THIRD PLACE: BETH PAULSON

Beth Paulson writes and leads poetry and creativity workshops in Colorado where she has lived since 1999.  Before that she taught English at California State University for over twenty years.  She has also been a columnist for the Ouray County Plaindealer.  Beth currently leads, Poetica, a  bimonthly poetry workshop for Ridgway-Ouray area writers.  Beth’s poems have appeared widely in over a hundred literary magazines, including most recently Common Ground Review, Innisfree, Wild Goose Review, Passager, and The Eleventh Muse.   She has been nominated for Pushcart Prizes for poetry in 2007, 2009 and 2011, and was a Best of the Net nominee in 2011. Her poems are also included in several national anthologies, including Crazy Woman Creek:  Women Rewrite the American West (Houghton Mifflin, 2004) and What Wildness is This:  Women Write About the Southwest (University of Texas Press, 2007), and What’s Nature Got to Do With Me?” (Native West Press, 2011).  Beth is the author of three poetry collections:  Wild Raspberries (Plain View Press, 2009), The Company of Trees (2004) and The Truth About Thunder (2001), both by Ponderosa Press.  You can read more poems on her website, www.wordcatcher.com. An avid hiker and Nordic skier, Beth lives in the shadow of Whitehouse Mountain in Ouray County, Colorado.

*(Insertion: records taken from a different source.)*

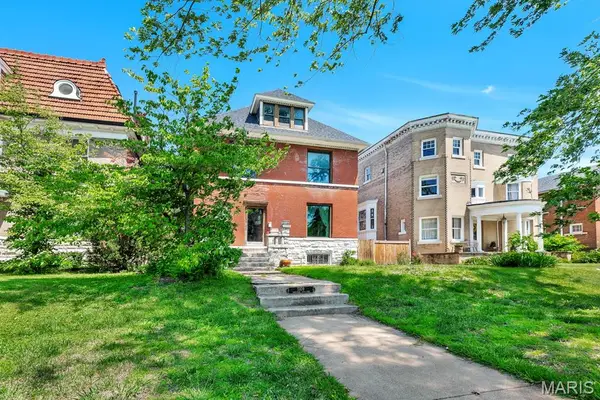 5109 Waterman Boulevard, St Louis, MO 63108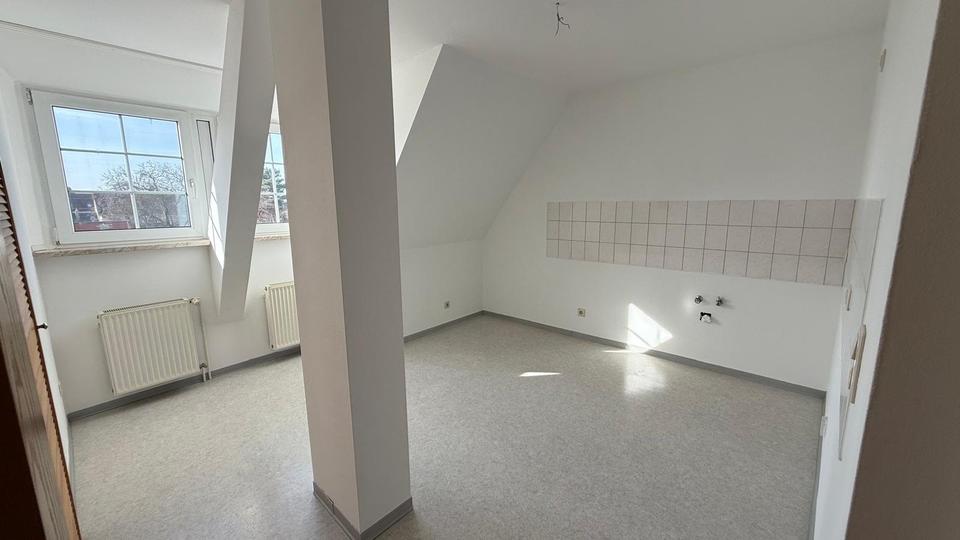 Dachgeschoßwohnung Aken (Elbe) - 1 Zimmer, 65 m&sup2;, 390&euro; | Angebot:25830793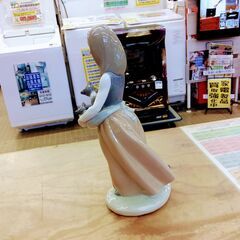 リヤドロ　子猫をエプロンに　LLADRO の画像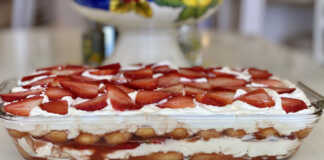 τιραμισού φράουλα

FOURTH PLACE: ELLEN METRICK

Ellen Marie Metrick - Meadowlark. Swale. Half-full pond. Lone peak with snow, or summer-stripped. Coyote at dawn, fox yap in punch drunk dark. Breath. Dust devil. Text on newsprint, cardstock; conglomeration — clear moments, glue smudge, lips, arms, feet. We shadows always offend those who dare not listen.

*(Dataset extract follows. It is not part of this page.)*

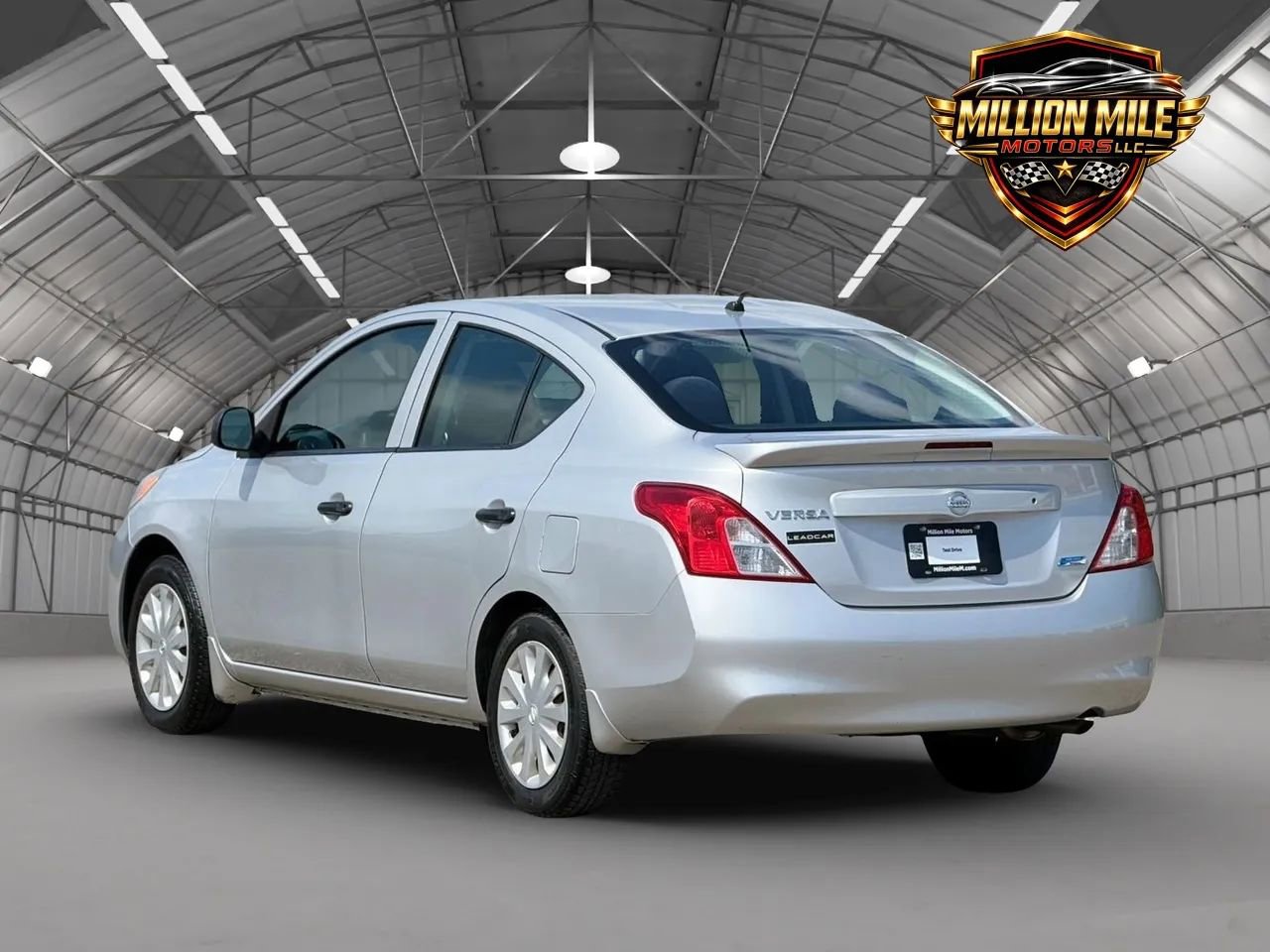 Used 2014 Nissan Versa S Plus FWD image 10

HONORABLE MENTION: EMILY ROSE KORN

A resident of Telluride for the past four years, Emily Rose Korn Koren is proud to call the mountains her home. Emily completed her master’s degree in International Administration from The University of Denver in 2008. Her thesis, “Contra Su Voluntad: Indigenous Women’s Health in Rural Peru” was published by the University of Denver’s International Human Rights Advocacy Center.  Emily recently appeared in the Telluride Theatre productions of William Shakespeare’s As You Like It (Touchstone) and The Merchant of Venice (Gratiano). She is a contributing writer for Colorado-based music magazine Mousike and her radio show, “Every Rose has its Korn” airs live on KOTO every other Monday evening. Emily and her dog Eis can be found playing in the San Juans on skis, skates, skate skis, SUPs, or anything made from duct tape. Emily works at the New Sheridan Chophouse and resides in Ophir.

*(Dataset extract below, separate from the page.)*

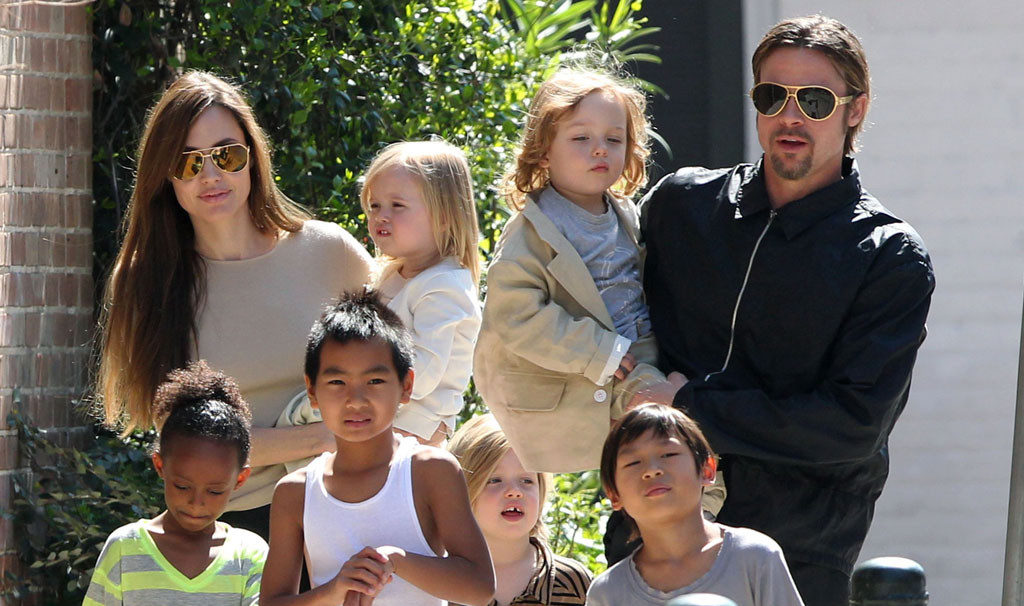  Angelina Jolie entourée de cinq de ses six enfants @DR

HONORABLE MENTION: SAMANTHA TISDALE WRIGHT

Samantha Tisdel Wright is a community journalist writing in the San Juan Mountains of southwestern Colorado. She has won numerous awards from the Colorado Press Association over the past several years for her work in the Ouray County Plaindealer, where she was formerly managing editor. She is currently a reporter with The Watch, a regional Telluride-based newspaper. Best recent assignment: a day at the Ouray Ice Park with San Juan Mountain Guides. Adventure these days comes mostly in the form of raising two red-headed children, Morgan and Molly. Samantha is still trying to figure out a way to make a living (or at least live) that incorporates her three passions: writing, yoga and travel.